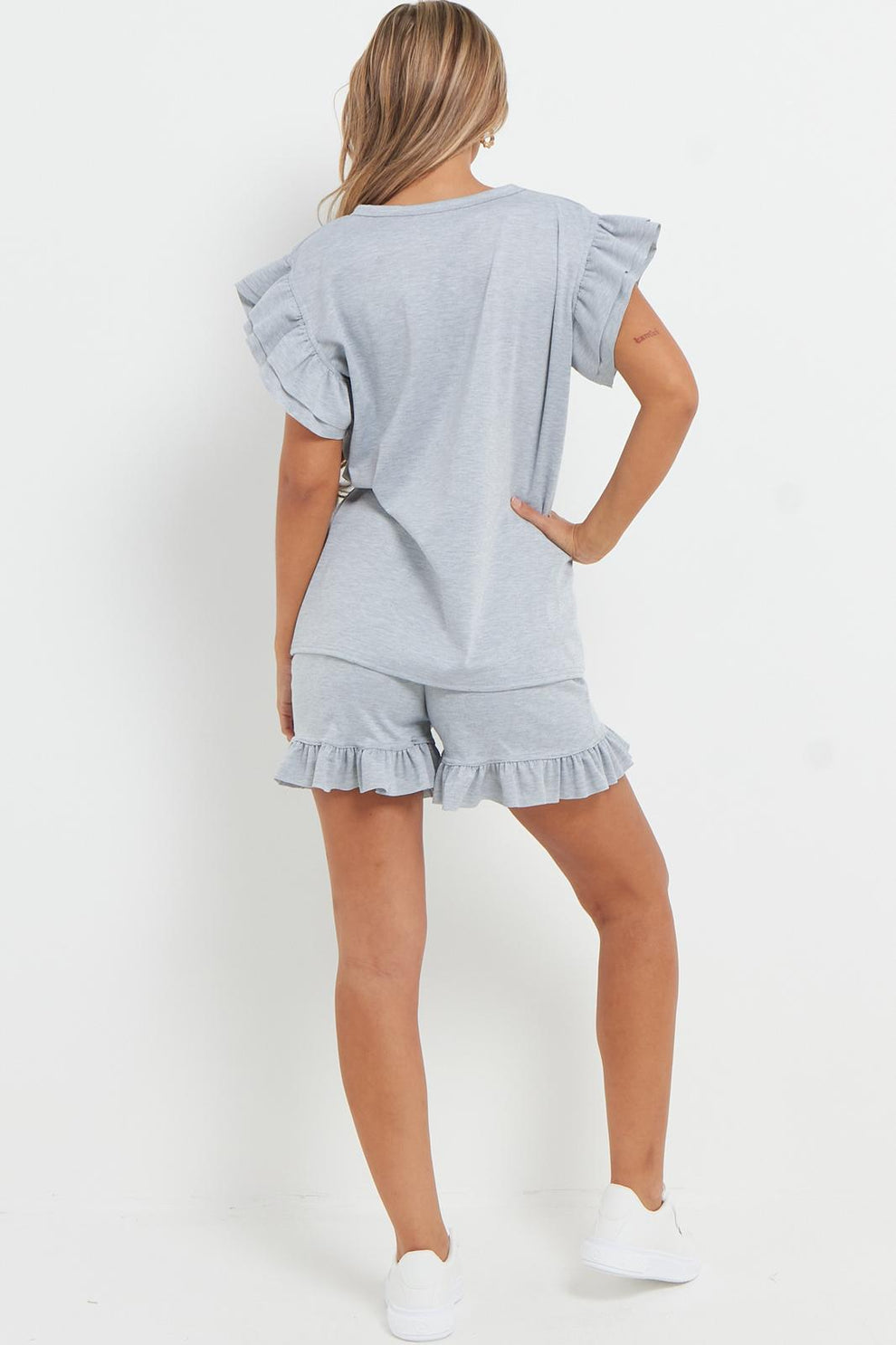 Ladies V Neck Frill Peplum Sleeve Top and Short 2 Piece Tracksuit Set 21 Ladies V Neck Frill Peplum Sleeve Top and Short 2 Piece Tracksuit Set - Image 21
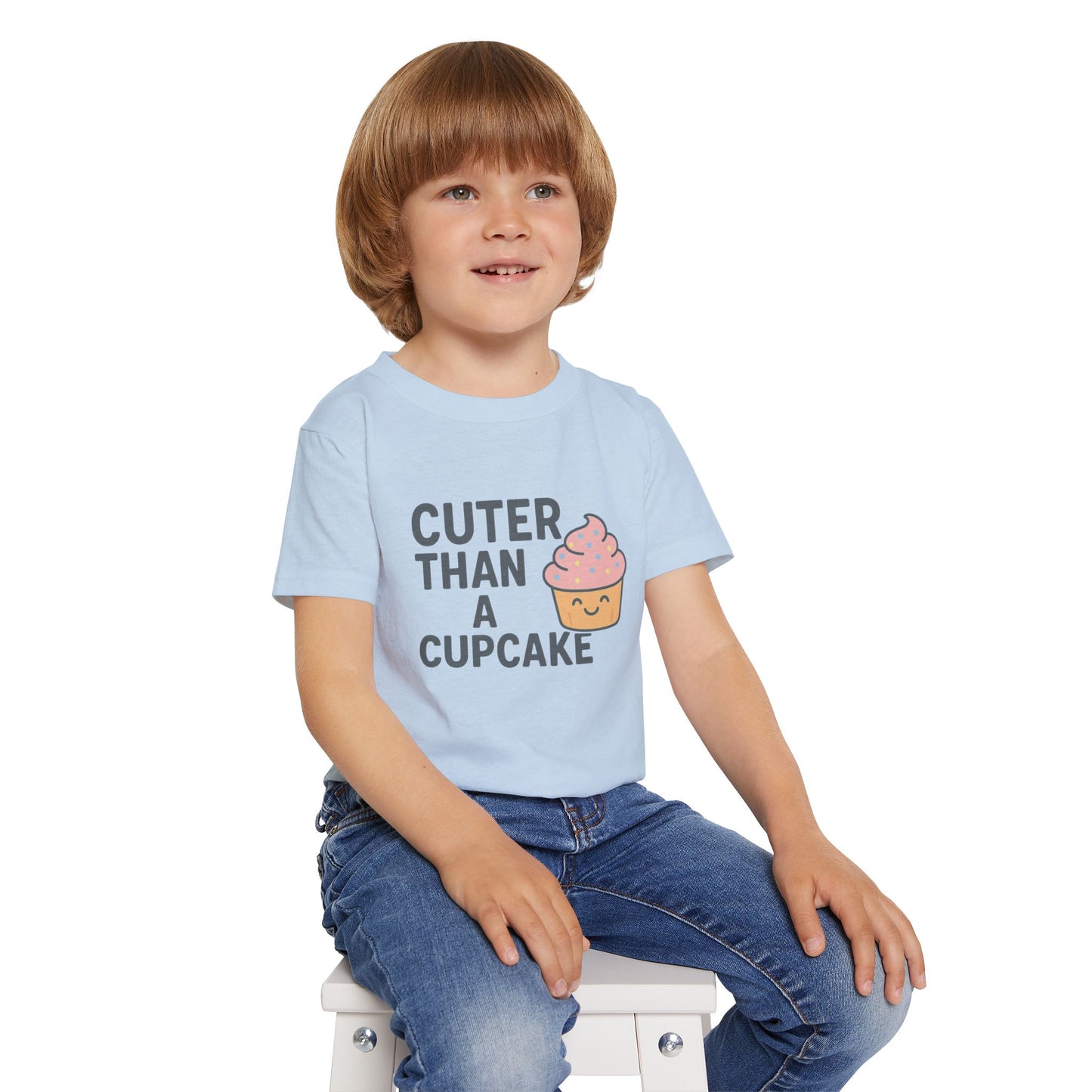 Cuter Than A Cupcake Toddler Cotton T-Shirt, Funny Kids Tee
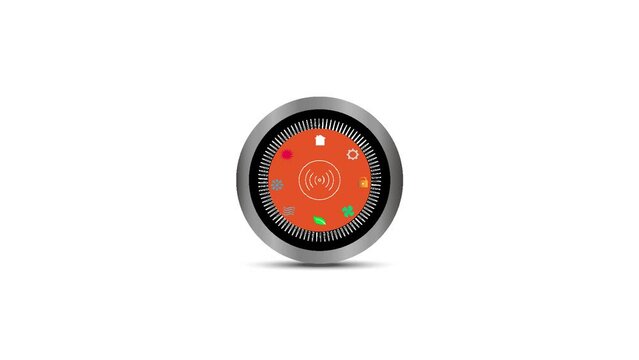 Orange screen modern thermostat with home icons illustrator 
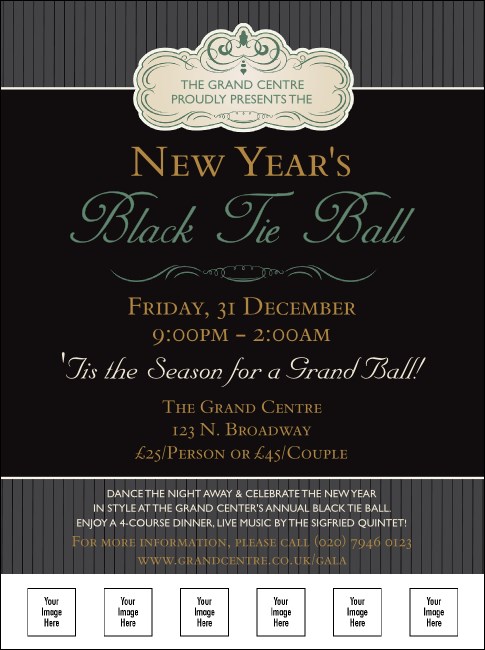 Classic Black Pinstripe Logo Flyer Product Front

-*-*-

Exercise | Down to the last line, reproduce the material above exactly; skip its images.

Response to this task |
 Ladies V Neck Frill Peplum Sleeve Top and Short 2 Piece Tracksuit Set 21 Ladies V Neck Frill Peplum Sleeve Top and Short 2 Piece Tracksuit Set - Image 21
 Cuter Than A Cupcake Toddler Cotton T-Shirt, Funny Kids Tee
 Orange screen modern thermostat with home icons illustrator 
 Classic Black Pinstripe Logo Flyer Product Front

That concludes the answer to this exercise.